1
votes

I am writing a dataflow pipeline that processes videos from a google cloud bucket. My pipeline downloads each work item to the local system and then reuploads results back to GCP bucket. Following previous question.

The pipeline works on local DirectRunner, i'm having trouble debugging on DataFlowRunnner.

The error reads

File "run_clouddataflow.py", line 41, in process 
File "/usr/local/lib/python2.7/dist-packages/google/cloud/storage/blob.py", line 464, in download_to_file self._do_download(transport, file_obj, download_url, headers) 
File "/usr/local/lib/python2.7/dist-packages/google/cloud/storage/blob.py", line 418, in _do_download download.consume(transport) File "/usr/local/lib/python2.7/dist-packages/google/resumable_media/requests/download.py", line 101, in consume self._write_to_stream(result) 
File "/usr/local/lib/python2.7/dist-packages/google/resumable_media/requests/download.py", line 62, in _write_to_stream with response: AttributeError: __exit__ [while running 'Run DeepMeerkat']

When trying to execute blob.download_to_file(file_obj) within:

storage_client=storage.Client()
bucket = storage_client.get_bucket(parsed.hostname)
blob=storage.Blob(parsed.path[1:],bucket)

#store local path
local_path="/tmp/" + parsed.path.split("/")[-1]

print('local path: ' + local_path)
with open(local_path, 'wb') as file_obj:
  blob.download_to_file(file_obj)

print("Downloaded" + local_path)

I'm guessing that the workers are not in permission to write locally? Or perhaps there is not a /tmp folder in the dataflow container. Where should I write objects? Its hard to debug without access to the environment. Is it possible to access stdout from workers for debugging purposes (serial console?)

EDIT #1

I've tried explicitly passing credentials:

  try:
      credentials, project = google.auth.default()
  except:
      os.environ["GOOGLE_APPLICATION_CREDENTIALS"] = known_args.authtoken
      credentials, project = google.auth.default()

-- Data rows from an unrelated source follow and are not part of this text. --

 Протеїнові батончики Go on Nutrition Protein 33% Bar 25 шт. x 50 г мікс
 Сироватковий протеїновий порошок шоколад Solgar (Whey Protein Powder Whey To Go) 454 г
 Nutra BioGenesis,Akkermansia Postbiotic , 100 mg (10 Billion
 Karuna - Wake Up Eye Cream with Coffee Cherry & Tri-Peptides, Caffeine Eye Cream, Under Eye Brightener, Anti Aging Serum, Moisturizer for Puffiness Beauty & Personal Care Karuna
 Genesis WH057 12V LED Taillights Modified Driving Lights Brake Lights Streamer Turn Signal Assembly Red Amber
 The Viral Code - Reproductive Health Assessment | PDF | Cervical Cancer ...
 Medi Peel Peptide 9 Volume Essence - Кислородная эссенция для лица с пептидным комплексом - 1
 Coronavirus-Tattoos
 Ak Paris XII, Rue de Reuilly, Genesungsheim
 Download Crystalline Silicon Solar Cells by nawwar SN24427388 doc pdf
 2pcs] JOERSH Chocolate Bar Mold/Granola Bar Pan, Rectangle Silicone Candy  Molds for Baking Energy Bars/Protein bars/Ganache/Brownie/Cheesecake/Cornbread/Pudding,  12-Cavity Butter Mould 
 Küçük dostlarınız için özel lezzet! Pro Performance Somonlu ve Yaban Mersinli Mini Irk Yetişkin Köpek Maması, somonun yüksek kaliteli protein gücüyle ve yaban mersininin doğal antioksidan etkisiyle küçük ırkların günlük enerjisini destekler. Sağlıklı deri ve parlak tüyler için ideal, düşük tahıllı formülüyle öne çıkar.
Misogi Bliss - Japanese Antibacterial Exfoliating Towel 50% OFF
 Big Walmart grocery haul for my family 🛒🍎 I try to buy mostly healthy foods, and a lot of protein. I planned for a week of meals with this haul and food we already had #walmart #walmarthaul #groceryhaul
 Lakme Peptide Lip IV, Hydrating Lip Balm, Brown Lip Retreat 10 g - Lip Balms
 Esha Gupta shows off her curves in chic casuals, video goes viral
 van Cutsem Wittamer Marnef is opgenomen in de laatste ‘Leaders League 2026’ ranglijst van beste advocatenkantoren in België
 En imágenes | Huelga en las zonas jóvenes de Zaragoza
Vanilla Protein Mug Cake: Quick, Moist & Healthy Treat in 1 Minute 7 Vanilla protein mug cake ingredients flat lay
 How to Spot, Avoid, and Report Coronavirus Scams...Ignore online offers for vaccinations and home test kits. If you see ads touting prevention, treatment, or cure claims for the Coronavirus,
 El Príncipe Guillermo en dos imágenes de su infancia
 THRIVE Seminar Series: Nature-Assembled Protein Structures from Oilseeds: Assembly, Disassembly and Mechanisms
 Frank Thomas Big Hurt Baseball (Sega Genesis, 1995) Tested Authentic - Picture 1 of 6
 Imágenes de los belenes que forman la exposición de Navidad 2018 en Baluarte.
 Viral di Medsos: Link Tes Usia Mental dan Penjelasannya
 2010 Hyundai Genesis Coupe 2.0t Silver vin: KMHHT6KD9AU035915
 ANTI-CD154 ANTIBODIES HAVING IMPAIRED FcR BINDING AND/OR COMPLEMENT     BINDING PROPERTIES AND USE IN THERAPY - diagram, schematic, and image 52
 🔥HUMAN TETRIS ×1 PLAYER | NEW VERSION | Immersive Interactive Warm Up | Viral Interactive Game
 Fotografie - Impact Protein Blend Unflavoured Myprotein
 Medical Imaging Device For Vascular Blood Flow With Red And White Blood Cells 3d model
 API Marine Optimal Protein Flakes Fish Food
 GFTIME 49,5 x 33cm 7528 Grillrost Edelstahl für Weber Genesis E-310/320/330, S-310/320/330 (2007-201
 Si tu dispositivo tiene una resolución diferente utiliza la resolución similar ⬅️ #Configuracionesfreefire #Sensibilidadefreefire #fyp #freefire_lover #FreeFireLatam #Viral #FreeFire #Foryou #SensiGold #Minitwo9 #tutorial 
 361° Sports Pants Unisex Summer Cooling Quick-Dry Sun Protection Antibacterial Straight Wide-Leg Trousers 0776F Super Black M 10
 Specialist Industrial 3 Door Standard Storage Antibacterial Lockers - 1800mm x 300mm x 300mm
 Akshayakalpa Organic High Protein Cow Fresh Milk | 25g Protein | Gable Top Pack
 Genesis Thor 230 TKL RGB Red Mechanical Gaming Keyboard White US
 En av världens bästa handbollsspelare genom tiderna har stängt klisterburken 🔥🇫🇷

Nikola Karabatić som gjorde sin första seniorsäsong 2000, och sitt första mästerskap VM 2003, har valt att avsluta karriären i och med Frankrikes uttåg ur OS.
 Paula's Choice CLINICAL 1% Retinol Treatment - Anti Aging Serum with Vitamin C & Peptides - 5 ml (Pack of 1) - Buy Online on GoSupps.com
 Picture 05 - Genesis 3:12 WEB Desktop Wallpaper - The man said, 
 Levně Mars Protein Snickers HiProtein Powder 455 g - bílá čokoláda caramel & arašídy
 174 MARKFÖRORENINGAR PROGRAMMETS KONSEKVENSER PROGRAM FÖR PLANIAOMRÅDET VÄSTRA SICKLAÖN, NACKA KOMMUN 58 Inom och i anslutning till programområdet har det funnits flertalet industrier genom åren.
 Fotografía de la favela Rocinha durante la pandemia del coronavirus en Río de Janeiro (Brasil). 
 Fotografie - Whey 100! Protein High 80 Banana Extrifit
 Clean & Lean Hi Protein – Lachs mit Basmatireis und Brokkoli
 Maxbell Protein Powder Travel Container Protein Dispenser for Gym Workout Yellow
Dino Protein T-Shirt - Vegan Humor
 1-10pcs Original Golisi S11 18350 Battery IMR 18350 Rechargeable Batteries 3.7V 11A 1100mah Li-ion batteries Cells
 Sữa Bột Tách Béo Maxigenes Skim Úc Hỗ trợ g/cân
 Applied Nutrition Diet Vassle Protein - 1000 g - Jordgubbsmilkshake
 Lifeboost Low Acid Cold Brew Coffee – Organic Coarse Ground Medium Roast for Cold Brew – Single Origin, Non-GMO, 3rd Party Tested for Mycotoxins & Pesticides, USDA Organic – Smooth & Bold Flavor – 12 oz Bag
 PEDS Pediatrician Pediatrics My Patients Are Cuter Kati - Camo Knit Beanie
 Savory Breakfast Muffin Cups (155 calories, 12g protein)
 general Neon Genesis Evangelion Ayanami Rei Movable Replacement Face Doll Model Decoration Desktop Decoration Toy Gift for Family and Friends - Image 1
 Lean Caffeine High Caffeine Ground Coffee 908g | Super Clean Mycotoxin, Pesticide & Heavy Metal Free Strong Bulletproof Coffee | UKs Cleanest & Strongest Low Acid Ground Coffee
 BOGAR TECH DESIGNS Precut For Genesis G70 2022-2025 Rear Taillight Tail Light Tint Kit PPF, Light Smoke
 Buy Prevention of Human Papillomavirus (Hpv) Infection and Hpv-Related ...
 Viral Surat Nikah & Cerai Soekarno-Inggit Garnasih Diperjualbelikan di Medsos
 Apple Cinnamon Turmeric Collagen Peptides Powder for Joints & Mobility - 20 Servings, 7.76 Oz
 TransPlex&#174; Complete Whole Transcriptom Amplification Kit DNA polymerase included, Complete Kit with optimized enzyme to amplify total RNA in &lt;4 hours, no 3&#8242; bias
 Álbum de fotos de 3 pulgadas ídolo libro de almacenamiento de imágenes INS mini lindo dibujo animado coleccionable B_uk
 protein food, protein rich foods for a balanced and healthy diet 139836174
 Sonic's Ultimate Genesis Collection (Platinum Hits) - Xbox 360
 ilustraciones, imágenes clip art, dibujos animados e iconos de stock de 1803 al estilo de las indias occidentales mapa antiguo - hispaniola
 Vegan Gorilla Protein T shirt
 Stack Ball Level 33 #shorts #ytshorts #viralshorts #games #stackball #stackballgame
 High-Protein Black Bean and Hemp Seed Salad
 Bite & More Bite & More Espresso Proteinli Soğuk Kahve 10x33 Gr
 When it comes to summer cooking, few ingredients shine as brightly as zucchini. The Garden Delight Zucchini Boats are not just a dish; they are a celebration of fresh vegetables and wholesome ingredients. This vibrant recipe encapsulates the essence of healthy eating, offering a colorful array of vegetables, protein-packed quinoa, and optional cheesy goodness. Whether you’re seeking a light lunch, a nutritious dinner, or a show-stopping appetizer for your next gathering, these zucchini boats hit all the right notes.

as well as writing to cwd(), instead of /tmp/

local_path=parsed.path.split("/")[-1]

print('local path: ' + local_path)
with open(local_path, 'wb') as file_obj:
  blob.download_to_file(file_obj)

Still getting the cryptic error on blob downloads from gcp.

Full Pipeline script is below, setup.py is here.

import logging
import argparse
import json
import logging
import os
import csv
import apache_beam as beam
from urlparse import urlparse
from google.cloud import storage

##The namespaces inside of clouddataflow workers is not inherited ,
##Please see https://cloud.google.com/dataflow/faq#how-do-i-handle-nameerrors, better to write ugly import statements then to miss a namespace

class PredictDoFn(beam.DoFn):
  def process(self,element):

    import csv
    from google.cloud import storage
    from DeepMeerkat import DeepMeerkat
    from urlparse import urlparse
    import os
    import google.auth


    DM=DeepMeerkat.DeepMeerkat()

    print(os.getcwd())
    print(element)

    #try adding credentials?
    #set credentials, inherent from worker
    credentials, project = google.auth.default()

    #download element locally
    parsed = urlparse(element[0])

    #parse gcp path
    storage_client=storage.Client(credentials=credentials)
    bucket = storage_client.get_bucket(parsed.hostname)
    blob=storage.Blob(parsed.path[1:],bucket)

    #store local path
    local_path=parsed.path.split("/")[-1]

    print('local path: ' + local_path)
    with open(local_path, 'wb') as file_obj:
      blob.download_to_file(file_obj)

    print("Downloaded" + local_path)

    #Assign input from DataFlow/manifest
    DM.process_args(video=local_path)
    DM.args.output="Frames"

    #Run DeepMeerkat
    DM.run()

    #upload back to GCS
    found_frames=[]
    for (root, dirs, files) in os.walk("Frames/"):
      for files in files:
        fileupper=files.upper()
        if fileupper.endswith((".JPG")):
          found_frames.append(os.path.join(root, files))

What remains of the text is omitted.